Unable to read data from the transport connection: An established connection was aborted by the software in your host machine.
This error has nothing to do with GCM API in particular. It means that your client tried to contact the web service but the connection that was established has been severed in one of the network layers. Depending on where you get this error and the error message it could mean several things.

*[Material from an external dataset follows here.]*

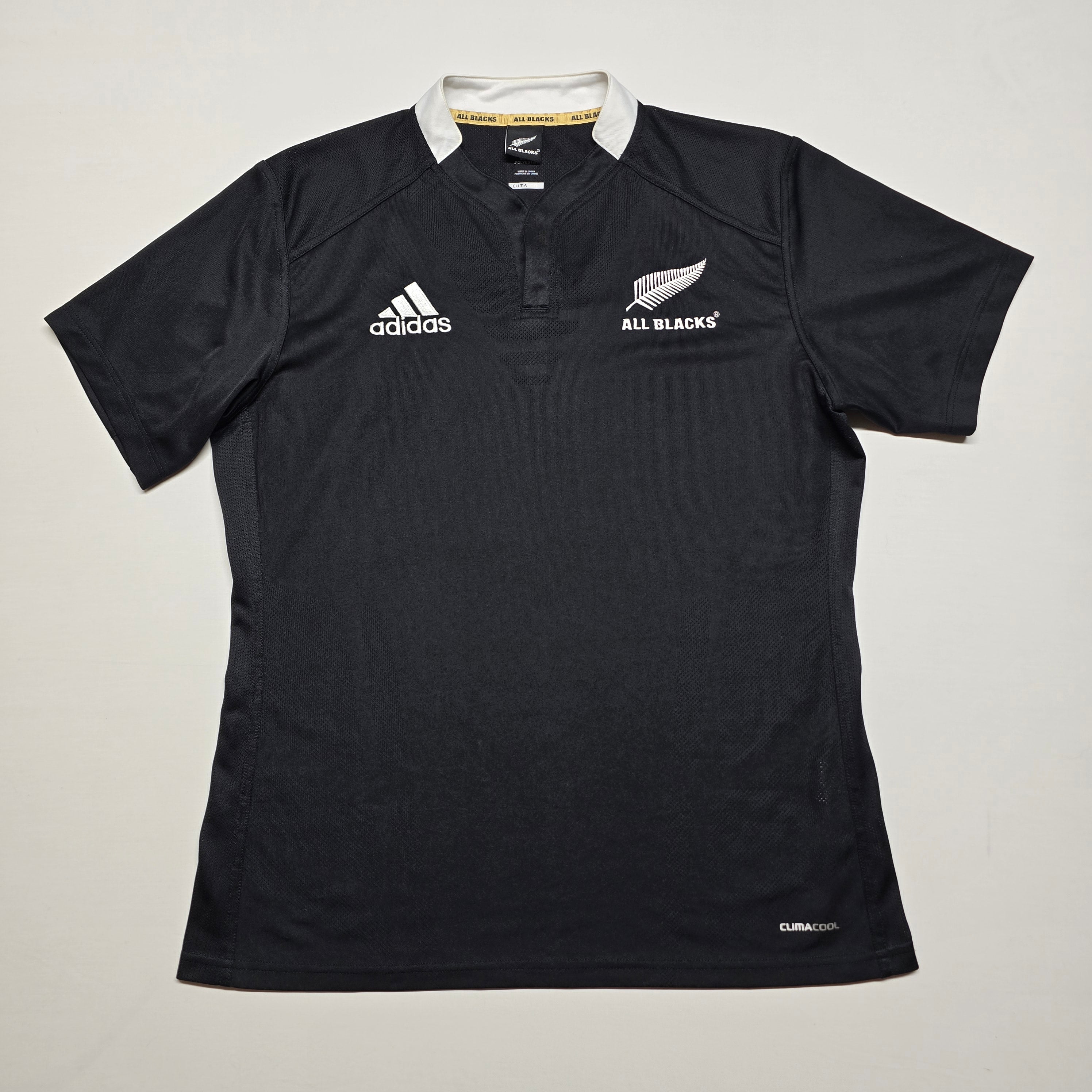 All Blacks 2011/12 Home Jersey - Large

Your client decided to abort the connection due to a socket timeout. Increase the client read / socket timeout to improve the situation.
A load balancer that sits between the client and the server dropped the connection. Each party thinks that the other one dropped the connection.
Network timeouts are usually a huge pain since it is never clear where the connection was dropped and who dropped it. If increasing timeouts does not help I'd suggest sending the requests through a proxy that can sniff the HTTPS traffic (charles / TCPMON) or using Wireshark to see which packets are being dropped.
Your android app also has GCM monitoring that you can enable on the Statistics tab. Check if the GCM API reports a status message other than 200 OK on that graph. That will help narrow down the problem further. If there are no reports of status codes other than 200, it means GCM never got your API requests to begin with.